Return every entry exactly as written.

**Dataset content**
■ ■ ■ ■ ■

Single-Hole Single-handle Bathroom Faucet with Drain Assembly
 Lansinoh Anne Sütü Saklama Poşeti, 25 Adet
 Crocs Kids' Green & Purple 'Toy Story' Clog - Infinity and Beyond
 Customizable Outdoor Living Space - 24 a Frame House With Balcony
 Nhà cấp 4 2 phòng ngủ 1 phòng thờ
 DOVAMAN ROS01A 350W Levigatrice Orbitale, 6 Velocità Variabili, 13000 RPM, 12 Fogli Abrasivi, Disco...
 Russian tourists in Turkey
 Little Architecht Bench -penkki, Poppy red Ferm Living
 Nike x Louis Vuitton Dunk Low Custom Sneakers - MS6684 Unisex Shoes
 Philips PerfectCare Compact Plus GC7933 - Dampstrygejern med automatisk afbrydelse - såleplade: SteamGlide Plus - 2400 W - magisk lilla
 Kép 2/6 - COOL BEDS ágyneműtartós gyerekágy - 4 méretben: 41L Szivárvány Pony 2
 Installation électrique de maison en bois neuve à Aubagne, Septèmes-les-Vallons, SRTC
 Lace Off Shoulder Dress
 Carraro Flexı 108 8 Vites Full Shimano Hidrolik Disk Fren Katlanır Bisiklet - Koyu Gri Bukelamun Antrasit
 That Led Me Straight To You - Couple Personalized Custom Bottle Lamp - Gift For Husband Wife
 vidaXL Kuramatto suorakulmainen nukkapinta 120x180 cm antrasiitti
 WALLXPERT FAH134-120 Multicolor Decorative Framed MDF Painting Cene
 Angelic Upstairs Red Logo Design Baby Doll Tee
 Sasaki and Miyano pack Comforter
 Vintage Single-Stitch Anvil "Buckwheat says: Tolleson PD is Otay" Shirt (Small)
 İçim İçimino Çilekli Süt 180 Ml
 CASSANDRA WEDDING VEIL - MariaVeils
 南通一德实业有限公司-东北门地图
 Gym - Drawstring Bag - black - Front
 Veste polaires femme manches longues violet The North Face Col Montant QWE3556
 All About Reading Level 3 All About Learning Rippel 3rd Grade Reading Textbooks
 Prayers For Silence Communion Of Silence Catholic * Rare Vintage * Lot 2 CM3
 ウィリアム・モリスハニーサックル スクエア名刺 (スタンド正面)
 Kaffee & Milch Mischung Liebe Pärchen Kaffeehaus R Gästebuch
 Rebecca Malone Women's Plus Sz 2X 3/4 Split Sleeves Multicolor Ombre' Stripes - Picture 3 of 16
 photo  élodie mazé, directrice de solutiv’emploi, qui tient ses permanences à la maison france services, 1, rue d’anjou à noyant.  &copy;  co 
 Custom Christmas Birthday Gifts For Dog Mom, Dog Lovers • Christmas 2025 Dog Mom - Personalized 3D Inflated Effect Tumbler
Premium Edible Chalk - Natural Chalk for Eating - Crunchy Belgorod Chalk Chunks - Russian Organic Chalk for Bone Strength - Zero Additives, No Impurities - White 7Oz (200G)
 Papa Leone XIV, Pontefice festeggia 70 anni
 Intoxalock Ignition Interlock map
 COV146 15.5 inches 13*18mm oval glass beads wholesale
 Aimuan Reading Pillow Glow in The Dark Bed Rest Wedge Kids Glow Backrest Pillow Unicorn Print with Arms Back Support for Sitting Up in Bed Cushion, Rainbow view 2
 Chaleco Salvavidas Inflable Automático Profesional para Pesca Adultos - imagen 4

■ ■ ■ ■ ■

**Response to the task**
Single-Hole Single-handle Bathroom Faucet with Drain Assembly
 Lansinoh Anne Sütü Saklama Poşeti, 25 Adet
 Crocs Kids' Green & Purple 'Toy Story' Clog - Infinity and Beyond
 Customizable Outdoor Living Space - 24 a Frame House With Balcony
 Nhà cấp 4 2 phòng ngủ 1 phòng thờ
 DOVAMAN ROS01A 350W Levigatrice Orbitale, 6 Velocità Variabili, 13000 RPM, 12 Fogli Abrasivi, Disco...
 Russian tourists in Turkey
 Little Architecht Bench -penkki, Poppy red Ferm Living
 Nike x Louis Vuitton Dunk Low Custom Sneakers - MS6684 Unisex Shoes
 Philips PerfectCare Compact Plus GC7933 - Dampstrygejern med automatisk afbrydelse - såleplade: SteamGlide Plus - 2400 W - magisk lilla
 Kép 2/6 - COOL BEDS ágyneműtartós gyerekágy - 4 méretben: 41L Szivárvány Pony 2
 Installation électrique de maison en bois neuve à Aubagne, Septèmes-les-Vallons, SRTC
 Lace Off Shoulder Dress
 Carraro Flexı 108 8 Vites Full Shimano Hidrolik Disk Fren Katlanır Bisiklet - Koyu Gri Bukelamun Antrasit
 That Led Me Straight To You - Couple Personalized Custom Bottle Lamp - Gift For Husband Wife
 vidaXL Kuramatto suorakulmainen nukkapinta 120x180 cm antrasiitti
 WALLXPERT FAH134-120 Multicolor Decorative Framed MDF Painting Cene
 Angelic Upstairs Red Logo Design Baby Doll Tee
 Sasaki and Miyano pack Comforter
 Vintage Single-Stitch Anvil "Buckwheat says: Tolleson PD is Otay" Shirt (Small)
 İçim İçimino Çilekli Süt 180 Ml
 CASSANDRA WEDDING VEIL - MariaVeils
 南通一德实业有限公司-东北门地图
 Gym - Drawstring Bag - black - Front
 Veste polaires femme manches longues violet The North Face Col Montant QWE3556
 All About Reading Level 3 All About Learning Rippel 3rd Grade Reading Textbooks
 Prayers For Silence Communion Of Silence Catholic * Rare Vintage * Lot 2 CM3
 ウィリアム・モリスハニーサックル スクエア名刺 (スタンド正面)
 Kaffee & Milch Mischung Liebe Pärchen Kaffeehaus R Gästebuch
 Rebecca Malone Women's Plus Sz 2X 3/4 Split Sleeves Multicolor Ombre' Stripes - Picture 3 of 16
 photo  élodie mazé, directrice de solutiv’emploi, qui tient ses permanences à la maison france services, 1, rue d’anjou à noyant.  &copy;  co 
 Custom Christmas Birthday Gifts For Dog Mom, Dog Lovers • Christmas 2025 Dog Mom - Personalized 3D Inflated Effect Tumbler
Premium Edible Chalk - Natural Chalk for Eating - Crunchy Belgorod Chalk Chunks - Russian Organic Chalk for Bone Strength - Zero Additives, No Impurities - White 7Oz (200G)
 Papa Leone XIV, Pontefice festeggia 70 anni
 Intoxalock Ignition Interlock map
 COV146 15.5 inches 13*18mm oval glass beads wholesale
 Aimuan Reading Pillow Glow in The Dark Bed Rest Wedge Kids Glow Backrest Pillow Unicorn Print with Arms Back Support for Sitting Up in Bed Cushion, Rainbow view 2
 Chaleco Salvavidas Inflable Automático Profesional para Pesca Adultos - imagen 4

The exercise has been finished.